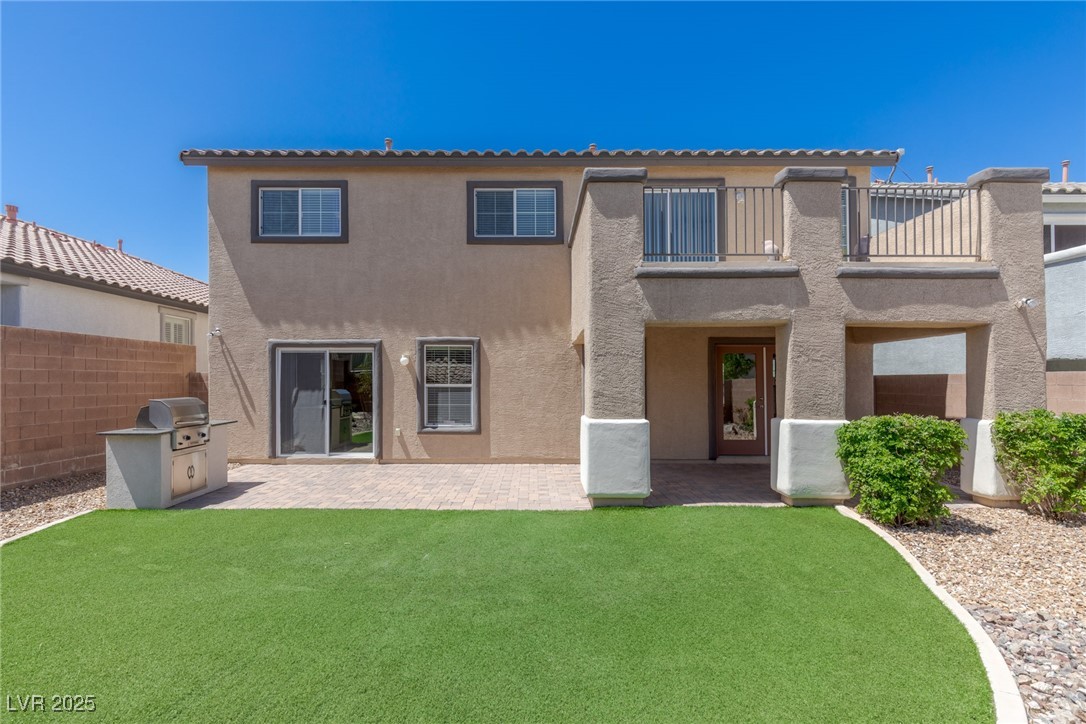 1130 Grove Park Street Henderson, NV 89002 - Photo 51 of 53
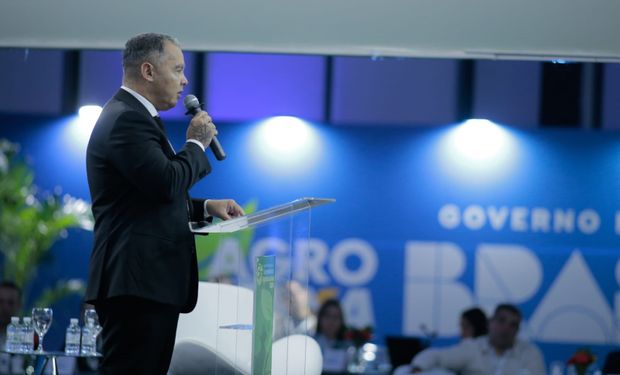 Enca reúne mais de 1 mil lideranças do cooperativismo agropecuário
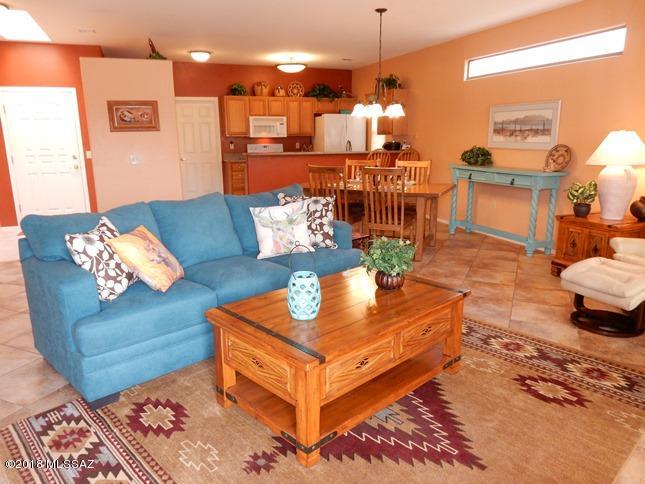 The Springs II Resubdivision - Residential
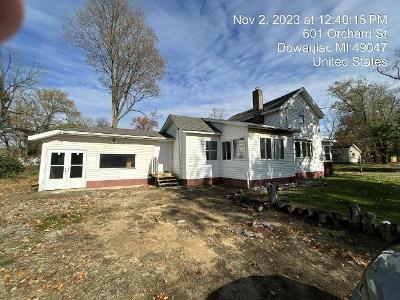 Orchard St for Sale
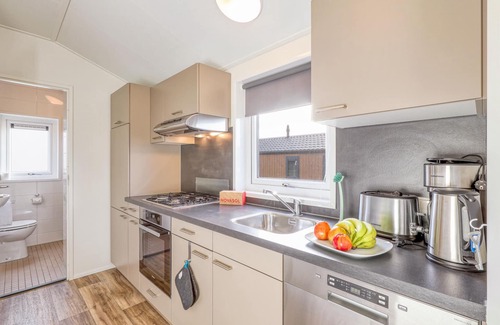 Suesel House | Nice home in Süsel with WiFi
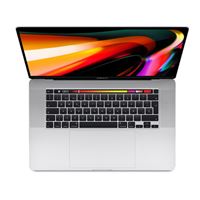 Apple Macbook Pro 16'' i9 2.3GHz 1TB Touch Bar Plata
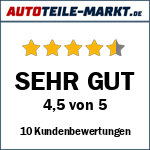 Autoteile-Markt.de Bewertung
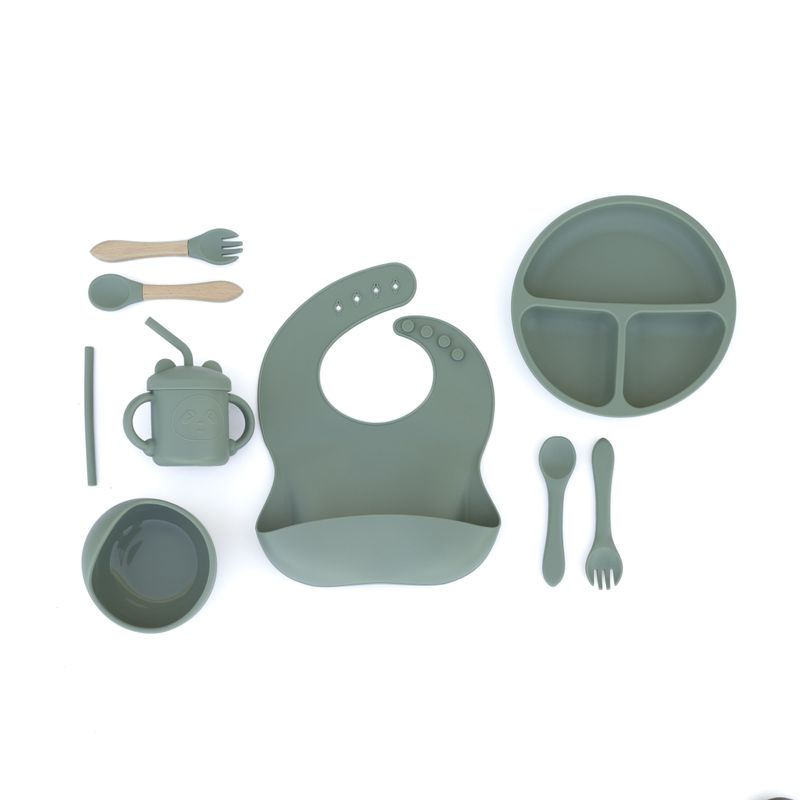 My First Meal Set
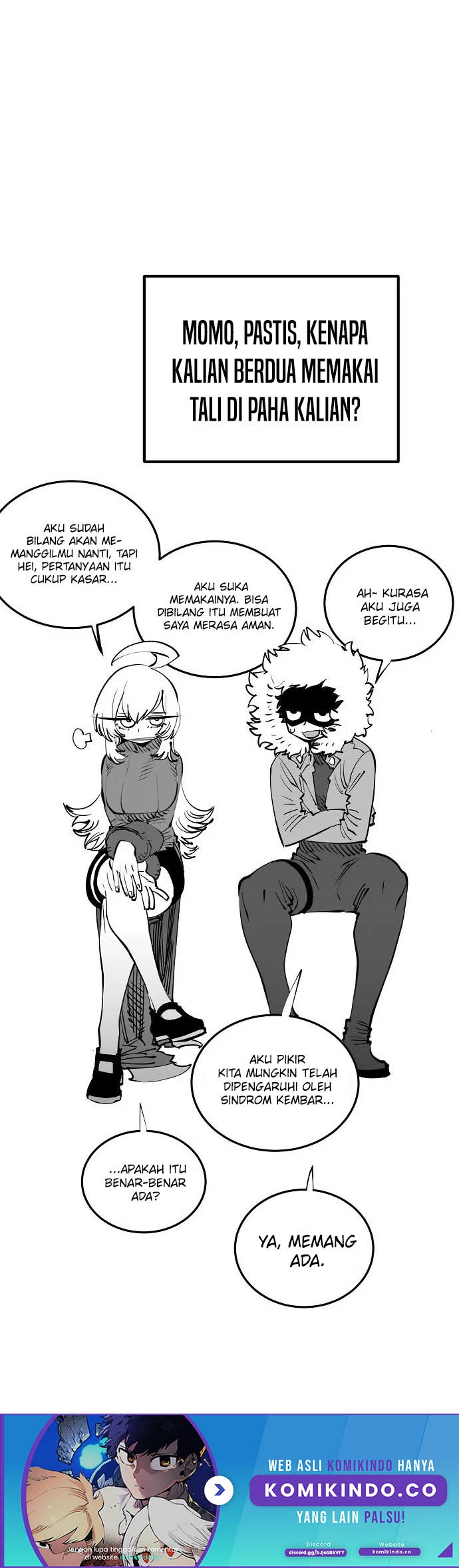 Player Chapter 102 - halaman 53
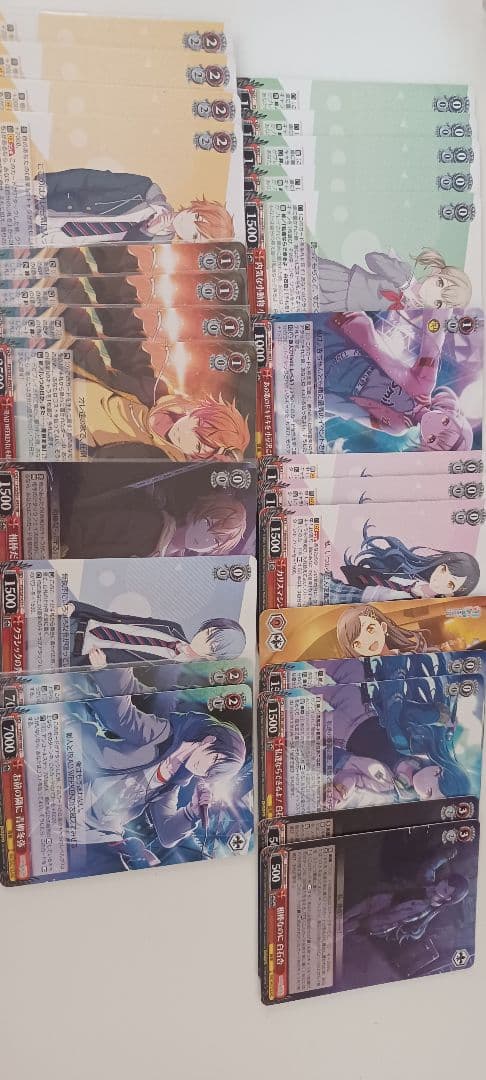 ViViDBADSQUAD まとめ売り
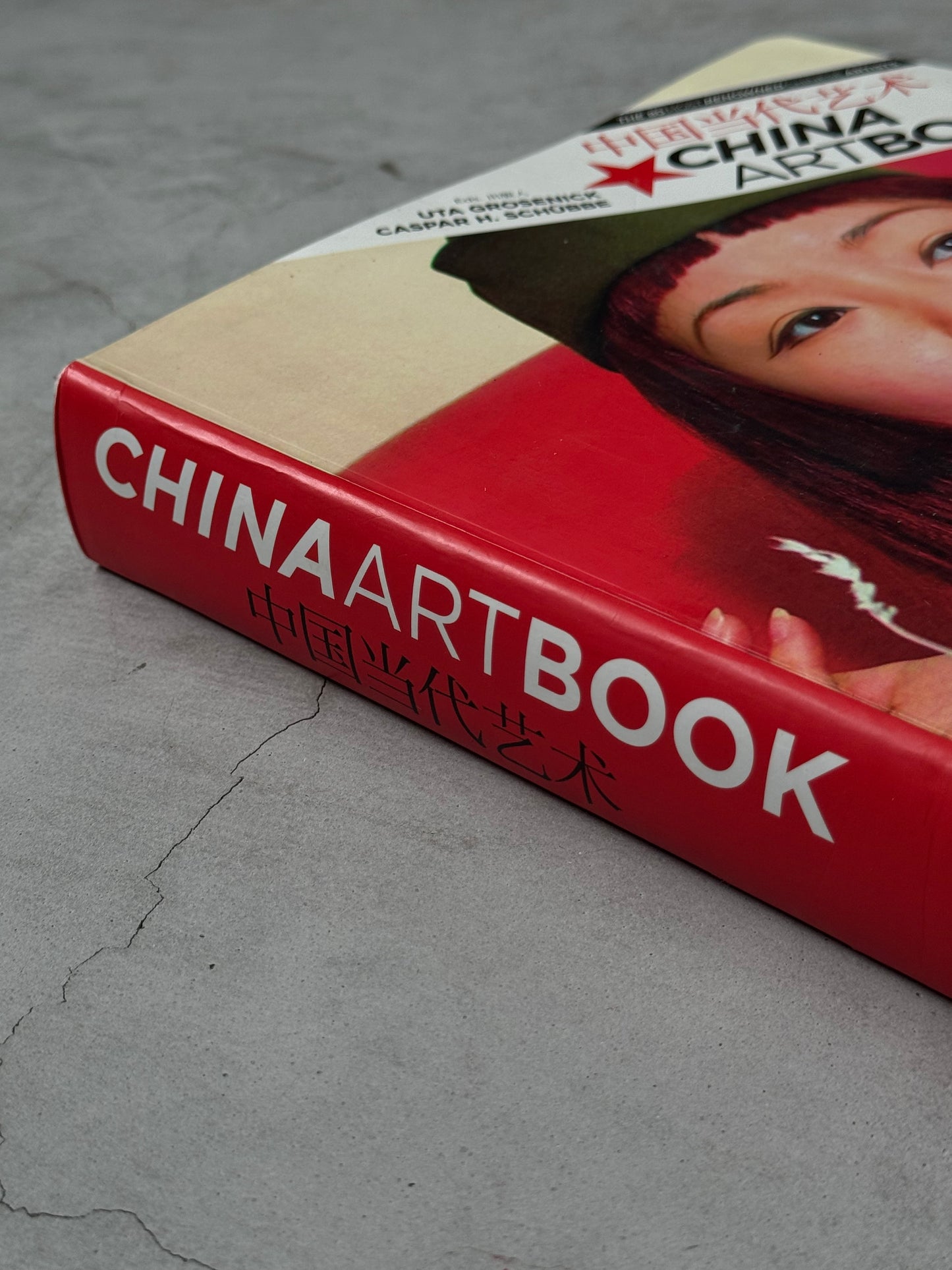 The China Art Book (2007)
*-*-*
* **WHAT YOU WILL DO**:
Give every record again word for word, pictures excluded.

* **REPLY TO THE TASK**:
 1130 Grove Park Street Henderson, NV 89002 - Photo 51 of 53
 Enca reúne mais de 1 mil lideranças do cooperativismo agropecuário
 The Springs II Resubdivision - Residential
 Orchard St for Sale
 Suesel House | Nice home in Süsel with WiFi
 Apple Macbook Pro 16'' i9 2.3GHz 1TB Touch Bar Plata
 Autoteile-Markt.de Bewertung
 My First Meal Set
 Player Chapter 102 - halaman 53
 ViViDBADSQUAD まとめ売り
 The China Art Book (2007)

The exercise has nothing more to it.